Dali Mpofu, for the members, rounded off an afternoon of argument by submitting that if the results of just one province were tainted "then surely that must have a ripple effect on democracy".

He asked the court to declare what had happened in the Free State as unlawful and void, and that the PEC be replaced by an interim structure.

This structure would be in office for three months and would "at face value" have the powers of an ordinary PEC, Mpofu submitted.

It would also have to involve elements of both "warring factions".

This would mean it could attend the ANC's elective conference in Mangaung in December.

Earlier, the court heard a denial by the ANC that the group's complaints had been ignored.

The justices asked where in the ANC's submissions they would find evidence of how complaints of manipulation of important branch meetings had been resolved.

"The report [on the complaints] might not suffice, because it does not go into sufficient details, but one gets the scheme of what the complaints were," said ANC counsel Terry Motau SC.

The court heard that the complaints were submitted to ANC secretary-general Gwede Mantashe by Free State provincial secretary Sibongile Besani.

The case being heard by the court was brought by a group led by Free State member Mpho Ramakatsa and five others, who want the PEC dissolved, claiming that the election process at branch level, where it was decided who would go to the provincial conference to vote on the new PEC, was "tainted" with irregularities.

Earlier, the court heard allegations of "parallel branches" being formed, gangsterism and criminal activities to fund the parallel branches, and irregularities with branch audits and attendance registers.

Delegates are chosen from the PEC to attend the ANC's national elective conference in December, where the party's new leadership is chosen.

The matter is being heard on the eve of the ANC's deadline for nominations for its elective conference in Mangaung in December.

Motau said of the 65 examples of complaints given by the applicants, 50 had been addressed.

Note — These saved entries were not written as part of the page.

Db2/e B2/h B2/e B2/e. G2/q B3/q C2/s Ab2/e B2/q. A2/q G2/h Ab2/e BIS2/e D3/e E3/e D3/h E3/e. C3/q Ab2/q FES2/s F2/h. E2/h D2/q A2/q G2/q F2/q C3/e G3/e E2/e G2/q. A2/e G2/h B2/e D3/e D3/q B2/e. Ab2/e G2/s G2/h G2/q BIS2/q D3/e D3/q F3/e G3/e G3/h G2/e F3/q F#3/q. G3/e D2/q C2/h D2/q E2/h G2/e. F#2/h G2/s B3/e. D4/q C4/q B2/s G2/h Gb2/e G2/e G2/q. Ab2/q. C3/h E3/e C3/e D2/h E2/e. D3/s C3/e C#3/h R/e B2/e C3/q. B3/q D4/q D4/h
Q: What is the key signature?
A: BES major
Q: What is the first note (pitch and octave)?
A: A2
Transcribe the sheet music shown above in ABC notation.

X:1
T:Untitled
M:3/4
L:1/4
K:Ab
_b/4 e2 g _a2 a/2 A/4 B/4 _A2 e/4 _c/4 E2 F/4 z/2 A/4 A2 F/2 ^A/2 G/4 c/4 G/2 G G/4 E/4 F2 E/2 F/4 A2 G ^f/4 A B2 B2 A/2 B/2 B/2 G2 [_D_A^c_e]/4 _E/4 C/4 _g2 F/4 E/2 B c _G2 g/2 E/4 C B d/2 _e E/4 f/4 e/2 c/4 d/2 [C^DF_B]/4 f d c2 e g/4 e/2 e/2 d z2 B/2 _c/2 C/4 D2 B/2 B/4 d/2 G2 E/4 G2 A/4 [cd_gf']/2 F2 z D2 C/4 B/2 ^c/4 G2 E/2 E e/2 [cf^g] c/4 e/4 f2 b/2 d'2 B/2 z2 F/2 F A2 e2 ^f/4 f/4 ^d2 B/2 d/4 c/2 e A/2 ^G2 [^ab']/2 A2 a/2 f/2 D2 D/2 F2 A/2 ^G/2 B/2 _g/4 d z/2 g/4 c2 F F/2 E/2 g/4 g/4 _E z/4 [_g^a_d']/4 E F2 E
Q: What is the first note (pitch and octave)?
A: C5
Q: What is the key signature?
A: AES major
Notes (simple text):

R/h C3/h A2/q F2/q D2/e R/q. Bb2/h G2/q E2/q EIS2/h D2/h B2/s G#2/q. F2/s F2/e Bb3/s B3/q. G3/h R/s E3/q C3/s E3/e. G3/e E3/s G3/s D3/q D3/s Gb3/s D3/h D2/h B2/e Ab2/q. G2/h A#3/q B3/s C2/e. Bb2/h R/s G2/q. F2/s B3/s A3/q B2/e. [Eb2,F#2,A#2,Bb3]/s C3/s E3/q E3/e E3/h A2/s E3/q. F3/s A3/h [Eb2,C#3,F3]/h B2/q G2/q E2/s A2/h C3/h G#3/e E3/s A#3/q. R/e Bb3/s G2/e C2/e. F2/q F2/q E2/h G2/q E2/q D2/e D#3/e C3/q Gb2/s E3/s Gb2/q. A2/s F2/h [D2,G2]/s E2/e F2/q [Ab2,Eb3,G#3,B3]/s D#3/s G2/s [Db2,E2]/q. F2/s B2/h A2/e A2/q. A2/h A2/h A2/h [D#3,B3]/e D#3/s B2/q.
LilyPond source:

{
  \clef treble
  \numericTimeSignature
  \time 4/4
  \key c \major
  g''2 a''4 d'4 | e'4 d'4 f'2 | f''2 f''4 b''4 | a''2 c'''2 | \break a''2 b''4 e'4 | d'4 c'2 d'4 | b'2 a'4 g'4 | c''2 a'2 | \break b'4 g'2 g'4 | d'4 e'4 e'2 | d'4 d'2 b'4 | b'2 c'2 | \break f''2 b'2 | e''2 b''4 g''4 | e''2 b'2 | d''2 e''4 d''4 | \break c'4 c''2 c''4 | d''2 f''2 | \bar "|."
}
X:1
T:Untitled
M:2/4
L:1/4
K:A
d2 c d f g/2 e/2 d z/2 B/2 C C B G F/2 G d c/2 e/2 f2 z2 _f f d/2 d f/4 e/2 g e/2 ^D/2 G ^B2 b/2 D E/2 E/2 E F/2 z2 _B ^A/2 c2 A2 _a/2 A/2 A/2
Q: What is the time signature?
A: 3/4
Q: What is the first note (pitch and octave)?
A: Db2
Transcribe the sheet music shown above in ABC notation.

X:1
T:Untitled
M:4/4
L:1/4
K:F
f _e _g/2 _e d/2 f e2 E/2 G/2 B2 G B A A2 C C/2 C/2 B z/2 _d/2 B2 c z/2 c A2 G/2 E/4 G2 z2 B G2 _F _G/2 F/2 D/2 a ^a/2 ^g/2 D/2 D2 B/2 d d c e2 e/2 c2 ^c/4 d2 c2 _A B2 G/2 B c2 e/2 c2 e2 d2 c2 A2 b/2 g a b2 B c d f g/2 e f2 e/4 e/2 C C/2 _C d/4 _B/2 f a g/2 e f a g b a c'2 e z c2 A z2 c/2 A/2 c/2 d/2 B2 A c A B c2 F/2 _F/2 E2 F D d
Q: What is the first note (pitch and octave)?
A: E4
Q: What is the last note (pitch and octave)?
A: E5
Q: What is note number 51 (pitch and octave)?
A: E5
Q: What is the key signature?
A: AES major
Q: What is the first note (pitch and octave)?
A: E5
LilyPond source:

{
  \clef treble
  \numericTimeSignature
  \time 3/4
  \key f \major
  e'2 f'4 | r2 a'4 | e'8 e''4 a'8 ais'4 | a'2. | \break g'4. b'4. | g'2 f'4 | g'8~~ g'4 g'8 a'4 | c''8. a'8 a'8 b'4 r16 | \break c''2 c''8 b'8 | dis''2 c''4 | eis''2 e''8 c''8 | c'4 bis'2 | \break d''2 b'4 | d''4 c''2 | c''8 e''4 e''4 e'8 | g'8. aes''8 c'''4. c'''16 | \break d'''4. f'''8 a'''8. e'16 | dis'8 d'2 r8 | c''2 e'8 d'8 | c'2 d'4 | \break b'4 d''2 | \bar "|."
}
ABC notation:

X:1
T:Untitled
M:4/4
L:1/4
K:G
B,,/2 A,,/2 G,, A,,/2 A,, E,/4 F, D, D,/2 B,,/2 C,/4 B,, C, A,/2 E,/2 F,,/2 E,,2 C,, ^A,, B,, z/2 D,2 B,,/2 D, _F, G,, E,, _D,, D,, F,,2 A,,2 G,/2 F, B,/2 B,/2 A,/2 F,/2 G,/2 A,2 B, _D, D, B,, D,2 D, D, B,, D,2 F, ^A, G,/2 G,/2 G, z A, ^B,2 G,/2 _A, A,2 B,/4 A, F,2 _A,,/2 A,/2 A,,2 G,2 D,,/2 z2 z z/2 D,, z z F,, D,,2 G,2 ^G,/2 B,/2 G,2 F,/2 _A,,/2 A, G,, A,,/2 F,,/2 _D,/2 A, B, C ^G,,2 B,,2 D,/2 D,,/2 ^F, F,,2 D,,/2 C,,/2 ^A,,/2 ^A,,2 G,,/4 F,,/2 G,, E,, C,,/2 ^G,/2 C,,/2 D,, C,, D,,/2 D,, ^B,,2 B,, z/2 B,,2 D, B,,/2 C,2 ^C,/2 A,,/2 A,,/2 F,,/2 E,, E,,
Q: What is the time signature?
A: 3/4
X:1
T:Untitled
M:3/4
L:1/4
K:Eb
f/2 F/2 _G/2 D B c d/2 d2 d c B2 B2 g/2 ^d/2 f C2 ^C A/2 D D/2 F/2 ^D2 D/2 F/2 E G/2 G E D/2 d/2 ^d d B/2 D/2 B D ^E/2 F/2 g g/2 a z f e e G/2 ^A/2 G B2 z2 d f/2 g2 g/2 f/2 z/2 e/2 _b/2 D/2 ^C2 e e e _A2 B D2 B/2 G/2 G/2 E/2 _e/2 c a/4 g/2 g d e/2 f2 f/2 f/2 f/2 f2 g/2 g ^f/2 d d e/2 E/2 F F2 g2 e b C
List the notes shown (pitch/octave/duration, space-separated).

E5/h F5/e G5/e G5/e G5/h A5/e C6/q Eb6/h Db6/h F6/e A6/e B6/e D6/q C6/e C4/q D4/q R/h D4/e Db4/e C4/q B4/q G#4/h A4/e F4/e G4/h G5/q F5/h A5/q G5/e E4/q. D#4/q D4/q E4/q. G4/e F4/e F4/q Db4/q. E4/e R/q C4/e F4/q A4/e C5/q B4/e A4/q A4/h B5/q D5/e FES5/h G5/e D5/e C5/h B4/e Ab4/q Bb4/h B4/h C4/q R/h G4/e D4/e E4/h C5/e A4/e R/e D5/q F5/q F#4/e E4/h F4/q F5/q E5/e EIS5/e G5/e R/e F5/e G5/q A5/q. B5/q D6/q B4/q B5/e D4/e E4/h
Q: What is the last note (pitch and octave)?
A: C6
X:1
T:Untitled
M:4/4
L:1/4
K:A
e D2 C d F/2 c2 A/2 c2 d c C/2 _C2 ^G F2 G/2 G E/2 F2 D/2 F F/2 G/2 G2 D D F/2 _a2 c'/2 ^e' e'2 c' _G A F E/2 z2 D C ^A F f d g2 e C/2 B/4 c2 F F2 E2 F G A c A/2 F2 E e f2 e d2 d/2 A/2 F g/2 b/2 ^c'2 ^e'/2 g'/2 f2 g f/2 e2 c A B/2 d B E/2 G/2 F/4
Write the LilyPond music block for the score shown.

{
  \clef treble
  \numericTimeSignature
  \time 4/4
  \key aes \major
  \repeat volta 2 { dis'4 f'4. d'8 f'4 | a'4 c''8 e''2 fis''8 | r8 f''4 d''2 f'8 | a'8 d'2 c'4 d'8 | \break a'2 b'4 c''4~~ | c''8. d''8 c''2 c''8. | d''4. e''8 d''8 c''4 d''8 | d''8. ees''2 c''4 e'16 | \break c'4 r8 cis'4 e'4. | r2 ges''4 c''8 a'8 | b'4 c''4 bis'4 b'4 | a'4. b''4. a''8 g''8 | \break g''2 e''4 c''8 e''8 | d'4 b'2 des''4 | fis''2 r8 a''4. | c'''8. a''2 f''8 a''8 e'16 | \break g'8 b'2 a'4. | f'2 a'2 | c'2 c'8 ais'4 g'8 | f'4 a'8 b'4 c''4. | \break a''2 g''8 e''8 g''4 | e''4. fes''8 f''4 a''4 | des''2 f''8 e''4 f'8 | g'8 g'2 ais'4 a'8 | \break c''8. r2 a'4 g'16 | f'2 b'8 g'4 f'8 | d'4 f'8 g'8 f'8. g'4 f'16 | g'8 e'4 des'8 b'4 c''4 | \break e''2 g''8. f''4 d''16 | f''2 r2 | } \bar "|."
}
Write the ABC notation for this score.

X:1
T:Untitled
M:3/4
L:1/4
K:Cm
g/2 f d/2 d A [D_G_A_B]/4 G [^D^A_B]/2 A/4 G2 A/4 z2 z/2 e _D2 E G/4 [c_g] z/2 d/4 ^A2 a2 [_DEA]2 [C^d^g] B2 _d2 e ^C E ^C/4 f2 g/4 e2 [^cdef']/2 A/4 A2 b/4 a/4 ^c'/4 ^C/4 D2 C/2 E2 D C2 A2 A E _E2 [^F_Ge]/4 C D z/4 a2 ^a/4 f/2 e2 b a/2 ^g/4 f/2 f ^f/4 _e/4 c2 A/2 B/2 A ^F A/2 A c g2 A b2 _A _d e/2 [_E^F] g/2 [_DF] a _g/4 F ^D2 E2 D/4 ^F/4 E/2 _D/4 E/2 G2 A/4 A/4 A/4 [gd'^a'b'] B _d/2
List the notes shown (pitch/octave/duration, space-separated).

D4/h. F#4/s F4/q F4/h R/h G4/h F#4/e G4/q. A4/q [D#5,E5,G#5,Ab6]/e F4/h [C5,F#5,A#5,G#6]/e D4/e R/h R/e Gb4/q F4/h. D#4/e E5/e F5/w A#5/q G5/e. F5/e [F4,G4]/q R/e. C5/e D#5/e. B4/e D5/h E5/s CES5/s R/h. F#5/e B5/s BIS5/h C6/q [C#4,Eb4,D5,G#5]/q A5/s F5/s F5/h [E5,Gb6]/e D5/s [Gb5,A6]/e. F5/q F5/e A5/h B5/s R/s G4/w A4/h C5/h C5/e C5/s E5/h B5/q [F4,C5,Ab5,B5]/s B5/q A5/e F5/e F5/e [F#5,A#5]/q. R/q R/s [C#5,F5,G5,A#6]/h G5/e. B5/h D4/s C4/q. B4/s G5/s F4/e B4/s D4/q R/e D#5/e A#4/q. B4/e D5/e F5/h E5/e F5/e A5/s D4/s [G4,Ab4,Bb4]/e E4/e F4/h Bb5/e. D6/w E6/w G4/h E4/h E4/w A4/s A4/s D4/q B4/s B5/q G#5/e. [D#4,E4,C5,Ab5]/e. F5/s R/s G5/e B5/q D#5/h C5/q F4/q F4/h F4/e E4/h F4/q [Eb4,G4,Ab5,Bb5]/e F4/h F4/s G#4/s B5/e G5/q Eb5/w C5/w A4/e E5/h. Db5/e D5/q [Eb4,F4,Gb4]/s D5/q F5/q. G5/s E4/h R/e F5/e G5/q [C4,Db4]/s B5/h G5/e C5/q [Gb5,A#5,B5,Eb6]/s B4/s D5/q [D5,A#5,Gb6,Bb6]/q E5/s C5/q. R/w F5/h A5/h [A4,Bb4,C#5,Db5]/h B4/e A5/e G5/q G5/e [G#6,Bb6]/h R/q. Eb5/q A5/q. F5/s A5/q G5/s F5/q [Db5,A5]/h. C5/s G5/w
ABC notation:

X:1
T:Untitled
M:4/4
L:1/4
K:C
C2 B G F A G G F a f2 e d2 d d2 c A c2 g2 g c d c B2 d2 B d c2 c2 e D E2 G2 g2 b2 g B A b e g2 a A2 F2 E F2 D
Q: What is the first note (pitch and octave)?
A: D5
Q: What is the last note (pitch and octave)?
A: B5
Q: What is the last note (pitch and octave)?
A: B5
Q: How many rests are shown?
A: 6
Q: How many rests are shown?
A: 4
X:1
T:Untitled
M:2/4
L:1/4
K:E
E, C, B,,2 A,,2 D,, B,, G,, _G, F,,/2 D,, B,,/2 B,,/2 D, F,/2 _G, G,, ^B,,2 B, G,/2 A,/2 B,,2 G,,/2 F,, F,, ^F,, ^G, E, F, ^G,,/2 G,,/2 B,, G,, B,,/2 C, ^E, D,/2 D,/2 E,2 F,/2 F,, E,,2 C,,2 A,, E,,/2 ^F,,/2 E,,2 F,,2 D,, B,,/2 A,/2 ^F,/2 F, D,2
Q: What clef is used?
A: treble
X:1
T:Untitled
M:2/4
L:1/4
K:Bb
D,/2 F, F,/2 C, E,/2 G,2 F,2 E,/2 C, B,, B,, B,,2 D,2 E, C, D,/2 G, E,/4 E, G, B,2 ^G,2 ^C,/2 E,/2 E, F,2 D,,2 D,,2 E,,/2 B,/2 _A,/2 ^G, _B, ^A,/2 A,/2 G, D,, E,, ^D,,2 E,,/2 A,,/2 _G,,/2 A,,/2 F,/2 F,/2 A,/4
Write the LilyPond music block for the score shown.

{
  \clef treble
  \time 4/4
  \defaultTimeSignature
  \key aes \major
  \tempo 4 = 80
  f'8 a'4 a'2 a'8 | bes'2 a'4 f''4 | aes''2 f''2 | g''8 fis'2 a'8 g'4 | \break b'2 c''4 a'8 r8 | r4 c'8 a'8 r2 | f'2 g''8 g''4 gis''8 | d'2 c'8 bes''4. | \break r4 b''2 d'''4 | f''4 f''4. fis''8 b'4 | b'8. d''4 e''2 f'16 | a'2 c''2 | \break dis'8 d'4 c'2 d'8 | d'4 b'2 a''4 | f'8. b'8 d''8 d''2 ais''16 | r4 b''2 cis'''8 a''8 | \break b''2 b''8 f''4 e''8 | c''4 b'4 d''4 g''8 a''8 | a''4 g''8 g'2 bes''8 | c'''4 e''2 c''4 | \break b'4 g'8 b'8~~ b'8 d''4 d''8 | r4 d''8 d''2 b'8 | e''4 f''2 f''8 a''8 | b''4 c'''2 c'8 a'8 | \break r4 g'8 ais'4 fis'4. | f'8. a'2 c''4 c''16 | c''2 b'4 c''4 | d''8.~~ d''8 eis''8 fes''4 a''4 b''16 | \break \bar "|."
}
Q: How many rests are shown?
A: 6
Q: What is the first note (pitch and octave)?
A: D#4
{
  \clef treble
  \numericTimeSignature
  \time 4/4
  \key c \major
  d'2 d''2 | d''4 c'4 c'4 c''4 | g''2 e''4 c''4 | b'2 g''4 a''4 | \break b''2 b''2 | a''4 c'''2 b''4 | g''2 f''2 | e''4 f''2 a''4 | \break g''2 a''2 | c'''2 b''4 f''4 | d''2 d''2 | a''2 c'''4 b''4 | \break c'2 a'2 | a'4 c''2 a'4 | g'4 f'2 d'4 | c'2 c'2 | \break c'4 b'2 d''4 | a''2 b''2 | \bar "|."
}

He said two separate audits were undertaken in the Free State by the ANC. One was before the PEC's election, and another was afterwards, ahead of the national elective conference.

Majel Wessels, counsel for Free State premier Ace Magashule and the PEC, told the court there was nothing to doubt the bona fides of the task team sent to the Free State to investigate the complaints.

Wessels said the team was made up of "very senior and prominent" and "trustworthy" NEC members.

"To have questioned them on exactly what they did would have been humiliating," he said.

The applicants had made allegations, in their court papers, which had not been specifically met or denied, and there was not enough time to go to each branch and check if they had all been addressed.